* _YOUR GOAL_:
Take the line with "Clarks Womens Brown" and every line after it in the data. Transcribe them exactly, through the last.

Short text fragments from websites

◇ ◇ ◇ ◇ ◇

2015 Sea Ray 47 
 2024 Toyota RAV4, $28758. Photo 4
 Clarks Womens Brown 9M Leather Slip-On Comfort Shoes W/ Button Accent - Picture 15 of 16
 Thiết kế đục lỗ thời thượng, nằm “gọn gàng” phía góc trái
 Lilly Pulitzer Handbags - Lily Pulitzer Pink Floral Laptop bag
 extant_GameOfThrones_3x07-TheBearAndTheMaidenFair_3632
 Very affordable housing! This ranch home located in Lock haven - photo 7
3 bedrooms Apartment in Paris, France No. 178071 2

◇ ◇ ◇ ◇ ◇

* _RESPONSE TO THIS EXERCISE_:
 Clarks Womens Brown 9M Leather Slip-On Comfort Shoes W/ Button Accent - Picture 15 of 16
 Thiết kế đục lỗ thời thượng, nằm “gọn gàng” phía góc trái
 Lilly Pulitzer Handbags - Lily Pulitzer Pink Floral Laptop bag
 extant_GameOfThrones_3x07-TheBearAndTheMaidenFair_3632
 Very affordable housing! This ranch home located in Lock haven - photo 7
3 bedrooms Apartment in Paris, France No. 178071 2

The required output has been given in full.